Art World
Emma Sulkowicz Explains Her Provocative New Bondage-Based Performance Art
Emma Sulkowicz's next project will be an art sex dungeon.
Emma Sulkowicz's next project will be an art sex dungeon.
Sarah Cascone ShareShare This Article
Two years after graduating from New York’s Columbia University and completing her much-covered, year-long endurance-based Mattress Performance, artist Emma Sulkowicz is causing an uproar once again.
She inadvertently became one of the faces of the movement against rape culture on college campuses with her Columbia thesis project, which saw her carry a dorm mattress around campus in protest in the school’s handling of her sexual assault complaint. It also earned Sulkowicz her fair share of critics, who question both her motives and her accounts of her assault.
Sulkowicz’s new work almost seems to be crafted specifically to troll her critics. For the new piece, titled The Ship Is Sinking, she wore a white bikini adorned with the Whitney logo. An S&M professional who goes by “Master Avery,” playing a character called “Mr. Whitney,” bound Sulkowicz tightly and hung her from the ceiling on a wooden beam, periodically whipping and insulting her.
As Sulkowicz explains below, the piece was meant as a multilayered exploration of ideas surrounding sex and consent, societal standards of female beauty, the personal nature of making and sharing art, and the art world in the age of Donald Trump.
The May 20 performance was her final project for the Whitney Independent Study Program (ISP), and was part of the program’s studio exhibition. The show is on view at New York’s Elizabeth Foundation for the Arts through June 3—though if you stop by you’ll see no evidence of Sulkowicz’s work.
The title of the The Ship Is Sinking was inspired by Bertolt Brecht, who wrote “They are like a painter adorning the walls of a sinking ship with a still life.” (In preparation for the piece, Sulkowicz even drafted a news article in which the Whitney Museum of American Art was sinking, presented as a handout at the show, depicting the museum as a literal sinking ship.)
We talked at length about the piece, her evolution as an artist, her plans to open an art sex dungeon, and how the often deeply personal attacks of internet commentors actually inform and strengthen her work.
Why did you respond so strongly to this idea of art on a sinking ship, and the art world going down with the ship?
I love that image.

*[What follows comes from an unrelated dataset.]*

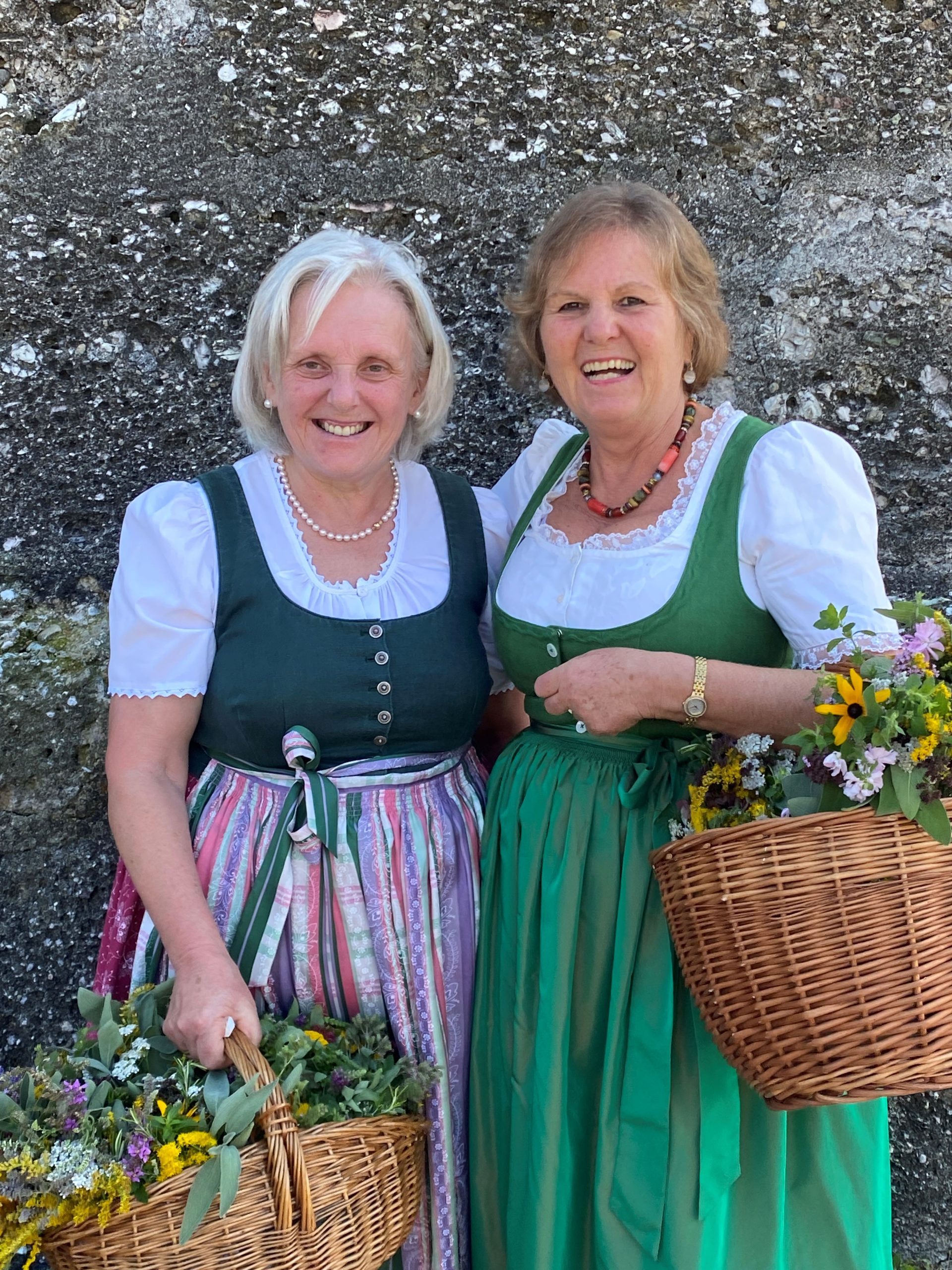 KraeuterweiheAnthering-scaled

Brecht’s talking about a disintegrating country, and I was like that’s really applicable to us today with Donald Trump.
On every sinking ship there actually is a female body strapped to the front of the ship, and I realized that I could embody this. The image in my head was kind of a cross between a figurehead on a ship and a witch tied to the stake at a witch trial. I really liked the idea that witches are hated—that’s the whole point.
You did Ceci N’est Pas Un Viol, a video that appears to recreate your alleged rape, knowing that people would respond and say really hurtful things about you. You’ve been following along as people have continued to post nasty comments. Do you find that kind of negative feedback is productive for you?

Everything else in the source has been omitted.